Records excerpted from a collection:
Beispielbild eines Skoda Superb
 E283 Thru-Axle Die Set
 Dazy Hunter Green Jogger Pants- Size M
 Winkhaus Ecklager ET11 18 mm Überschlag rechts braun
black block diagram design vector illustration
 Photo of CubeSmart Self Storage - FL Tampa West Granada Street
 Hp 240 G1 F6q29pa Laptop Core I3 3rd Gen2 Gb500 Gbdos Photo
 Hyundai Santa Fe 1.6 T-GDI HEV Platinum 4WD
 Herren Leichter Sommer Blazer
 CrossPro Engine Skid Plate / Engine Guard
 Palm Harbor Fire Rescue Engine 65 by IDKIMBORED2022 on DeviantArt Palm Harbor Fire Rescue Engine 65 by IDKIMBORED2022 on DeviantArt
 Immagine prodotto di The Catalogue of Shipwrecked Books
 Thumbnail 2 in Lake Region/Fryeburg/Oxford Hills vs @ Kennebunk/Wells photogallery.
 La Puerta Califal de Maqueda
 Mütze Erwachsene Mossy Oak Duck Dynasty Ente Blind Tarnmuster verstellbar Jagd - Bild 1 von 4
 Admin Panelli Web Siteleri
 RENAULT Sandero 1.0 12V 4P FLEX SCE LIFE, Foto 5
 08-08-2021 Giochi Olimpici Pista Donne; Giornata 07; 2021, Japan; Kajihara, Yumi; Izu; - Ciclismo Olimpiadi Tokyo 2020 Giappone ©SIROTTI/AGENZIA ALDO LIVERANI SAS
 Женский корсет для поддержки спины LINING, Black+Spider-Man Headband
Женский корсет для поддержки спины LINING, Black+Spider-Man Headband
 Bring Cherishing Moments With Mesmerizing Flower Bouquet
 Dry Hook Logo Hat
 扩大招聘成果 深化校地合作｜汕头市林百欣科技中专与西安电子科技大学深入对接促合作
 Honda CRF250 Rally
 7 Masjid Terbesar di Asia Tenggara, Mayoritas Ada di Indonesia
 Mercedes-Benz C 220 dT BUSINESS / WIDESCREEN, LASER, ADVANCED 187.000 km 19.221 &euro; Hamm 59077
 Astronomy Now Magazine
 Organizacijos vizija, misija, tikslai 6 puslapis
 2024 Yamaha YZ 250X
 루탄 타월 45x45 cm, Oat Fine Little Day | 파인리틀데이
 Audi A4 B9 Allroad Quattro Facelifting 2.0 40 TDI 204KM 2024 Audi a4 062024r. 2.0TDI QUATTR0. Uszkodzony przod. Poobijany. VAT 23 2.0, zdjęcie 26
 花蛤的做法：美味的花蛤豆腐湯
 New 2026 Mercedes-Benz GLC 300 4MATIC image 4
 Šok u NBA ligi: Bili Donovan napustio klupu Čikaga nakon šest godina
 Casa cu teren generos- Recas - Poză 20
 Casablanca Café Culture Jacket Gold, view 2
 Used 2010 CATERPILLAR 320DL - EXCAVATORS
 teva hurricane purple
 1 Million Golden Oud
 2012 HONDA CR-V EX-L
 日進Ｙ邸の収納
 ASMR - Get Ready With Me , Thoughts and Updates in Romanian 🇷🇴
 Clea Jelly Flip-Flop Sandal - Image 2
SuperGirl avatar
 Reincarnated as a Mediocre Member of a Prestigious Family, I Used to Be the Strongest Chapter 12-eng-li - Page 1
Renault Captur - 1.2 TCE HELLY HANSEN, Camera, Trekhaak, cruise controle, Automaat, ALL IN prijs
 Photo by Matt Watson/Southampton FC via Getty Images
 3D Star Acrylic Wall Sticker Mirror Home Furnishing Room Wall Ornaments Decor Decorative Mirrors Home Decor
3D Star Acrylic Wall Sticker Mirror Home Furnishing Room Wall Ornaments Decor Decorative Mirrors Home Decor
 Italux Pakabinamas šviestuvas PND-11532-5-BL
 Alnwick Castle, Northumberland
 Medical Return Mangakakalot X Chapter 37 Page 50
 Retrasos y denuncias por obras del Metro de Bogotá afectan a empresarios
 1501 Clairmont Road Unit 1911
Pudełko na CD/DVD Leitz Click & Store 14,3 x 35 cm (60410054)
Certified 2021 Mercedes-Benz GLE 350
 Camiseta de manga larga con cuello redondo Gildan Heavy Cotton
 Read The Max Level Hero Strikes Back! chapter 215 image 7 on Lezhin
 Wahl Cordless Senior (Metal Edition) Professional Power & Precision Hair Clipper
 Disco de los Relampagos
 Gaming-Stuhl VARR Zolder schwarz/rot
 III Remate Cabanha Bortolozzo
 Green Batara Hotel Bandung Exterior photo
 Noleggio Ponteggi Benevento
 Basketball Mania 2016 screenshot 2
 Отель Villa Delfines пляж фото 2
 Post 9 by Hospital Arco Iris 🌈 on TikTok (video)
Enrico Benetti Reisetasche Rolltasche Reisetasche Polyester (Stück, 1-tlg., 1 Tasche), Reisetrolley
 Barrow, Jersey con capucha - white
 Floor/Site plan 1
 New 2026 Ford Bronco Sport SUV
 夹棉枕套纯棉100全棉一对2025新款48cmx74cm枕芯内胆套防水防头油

What you are asked to do = All of the records must be retyped exactly as they are.

Task result =
Beispielbild eines Skoda Superb
 E283 Thru-Axle Die Set
 Dazy Hunter Green Jogger Pants- Size M
 Winkhaus Ecklager ET11 18 mm Überschlag rechts braun
black block diagram design vector illustration
 Photo of CubeSmart Self Storage - FL Tampa West Granada Street
 Hp 240 G1 F6q29pa Laptop Core I3 3rd Gen2 Gb500 Gbdos Photo
 Hyundai Santa Fe 1.6 T-GDI HEV Platinum 4WD
 Herren Leichter Sommer Blazer
 CrossPro Engine Skid Plate / Engine Guard
 Palm Harbor Fire Rescue Engine 65 by IDKIMBORED2022 on DeviantArt Palm Harbor Fire Rescue Engine 65 by IDKIMBORED2022 on DeviantArt
 Immagine prodotto di The Catalogue of Shipwrecked Books
 Thumbnail 2 in Lake Region/Fryeburg/Oxford Hills vs @ Kennebunk/Wells photogallery.
 La Puerta Califal de Maqueda
 Mütze Erwachsene Mossy Oak Duck Dynasty Ente Blind Tarnmuster verstellbar Jagd - Bild 1 von 4
 Admin Panelli Web Siteleri
 RENAULT Sandero 1.0 12V 4P FLEX SCE LIFE, Foto 5
 08-08-2021 Giochi Olimpici Pista Donne; Giornata 07; 2021, Japan; Kajihara, Yumi; Izu; - Ciclismo Olimpiadi Tokyo 2020 Giappone ©SIROTTI/AGENZIA ALDO LIVERANI SAS
 Женский корсет для поддержки спины LINING, Black+Spider-Man Headband
Женский корсет для поддержки спины LINING, Black+Spider-Man Headband
 Bring Cherishing Moments With Mesmerizing Flower Bouquet
 Dry Hook Logo Hat
 扩大招聘成果 深化校地合作｜汕头市林百欣科技中专与西安电子科技大学深入对接促合作
 Honda CRF250 Rally
 7 Masjid Terbesar di Asia Tenggara, Mayoritas Ada di Indonesia
 Mercedes-Benz C 220 dT BUSINESS / WIDESCREEN, LASER, ADVANCED 187.000 km 19.221 &euro; Hamm 59077
 Astronomy Now Magazine
 Organizacijos vizija, misija, tikslai 6 puslapis
 2024 Yamaha YZ 250X
 루탄 타월 45x45 cm, Oat Fine Little Day | 파인리틀데이
 Audi A4 B9 Allroad Quattro Facelifting 2.0 40 TDI 204KM 2024 Audi a4 062024r. 2.0TDI QUATTR0. Uszkodzony przod. Poobijany. VAT 23 2.0, zdjęcie 26
 花蛤的做法：美味的花蛤豆腐湯
 New 2026 Mercedes-Benz GLC 300 4MATIC image 4
 Šok u NBA ligi: Bili Donovan napustio klupu Čikaga nakon šest godina
 Casa cu teren generos- Recas - Poză 20
 Casablanca Café Culture Jacket Gold, view 2
 Used 2010 CATERPILLAR 320DL - EXCAVATORS
 teva hurricane purple
 1 Million Golden Oud
 2012 HONDA CR-V EX-L
 日進Ｙ邸の収納
 ASMR - Get Ready With Me , Thoughts and Updates in Romanian 🇷🇴
 Clea Jelly Flip-Flop Sandal - Image 2
SuperGirl avatar
 Reincarnated as a Mediocre Member of a Prestigious Family, I Used to Be the Strongest Chapter 12-eng-li - Page 1
Renault Captur - 1.2 TCE HELLY HANSEN, Camera, Trekhaak, cruise controle, Automaat, ALL IN prijs
 Photo by Matt Watson/Southampton FC via Getty Images
 3D Star Acrylic Wall Sticker Mirror Home Furnishing Room Wall Ornaments Decor Decorative Mirrors Home Decor
3D Star Acrylic Wall Sticker Mirror Home Furnishing Room Wall Ornaments Decor Decorative Mirrors Home Decor
 Italux Pakabinamas šviestuvas PND-11532-5-BL
 Alnwick Castle, Northumberland
 Medical Return Mangakakalot X Chapter 37 Page 50
 Retrasos y denuncias por obras del Metro de Bogotá afectan a empresarios
 1501 Clairmont Road Unit 1911
Pudełko na CD/DVD Leitz Click & Store 14,3 x 35 cm (60410054)
Certified 2021 Mercedes-Benz GLE 350
 Camiseta de manga larga con cuello redondo Gildan Heavy Cotton
 Read The Max Level Hero Strikes Back! chapter 215 image 7 on Lezhin
 Wahl Cordless Senior (Metal Edition) Professional Power & Precision Hair Clipper
 Disco de los Relampagos
 Gaming-Stuhl VARR Zolder schwarz/rot
 III Remate Cabanha Bortolozzo
 Green Batara Hotel Bandung Exterior photo
 Noleggio Ponteggi Benevento
 Basketball Mania 2016 screenshot 2
 Отель Villa Delfines пляж фото 2
 Post 9 by Hospital Arco Iris 🌈 on TikTok (video)
Enrico Benetti Reisetasche Rolltasche Reisetasche Polyester (Stück, 1-tlg., 1 Tasche), Reisetrolley
 Barrow, Jersey con capucha - white
 Floor/Site plan 1
 New 2026 Ford Bronco Sport SUV
 夹棉枕套纯棉100全棉一对2025新款48cmx74cm枕芯内胆套防水防头油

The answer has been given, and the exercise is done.